[[ DATA SUPPLIED, beginning ]]

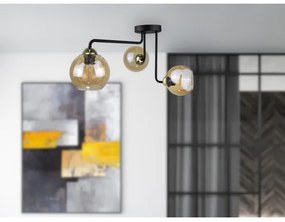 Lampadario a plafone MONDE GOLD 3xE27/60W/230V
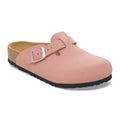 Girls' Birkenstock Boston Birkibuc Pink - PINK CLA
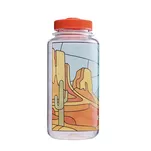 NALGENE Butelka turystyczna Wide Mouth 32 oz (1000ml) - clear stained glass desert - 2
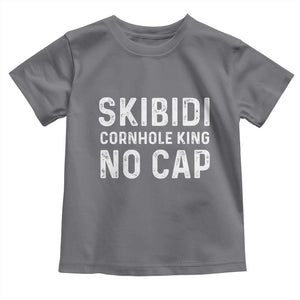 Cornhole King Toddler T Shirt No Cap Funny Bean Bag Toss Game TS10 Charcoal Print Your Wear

[[ DATA SUPPLIED, end ]]
[[ DATA SUPPLIED, beginning ]]

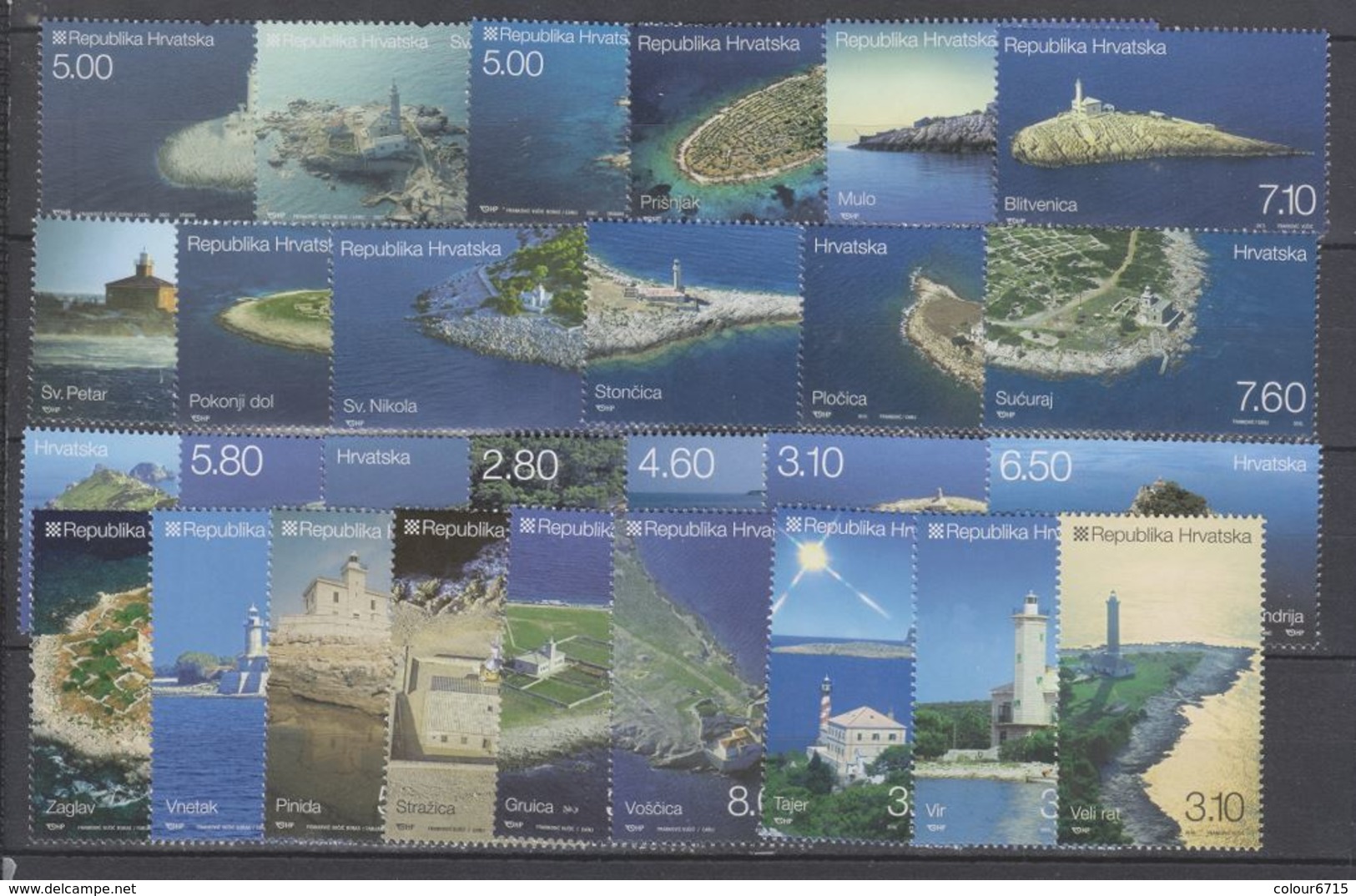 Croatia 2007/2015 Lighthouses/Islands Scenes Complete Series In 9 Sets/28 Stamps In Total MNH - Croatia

[[ DATA SUPPLIED, end ]]

Given the listing above, repeat exactly the lines starting at the one with "NALGENE Butelka turystyczna" and ending at the one with "Cornhole King Toddler", inclusive, excluding pictures.

 NALGENE Butelka turystyczna Wide Mouth 32 oz (1000ml) - clear stained glass desert - 2
 Cornhole King Toddler T Shirt No Cap Funny Bean Bag Toss Game TS10 Charcoal Print Your Wear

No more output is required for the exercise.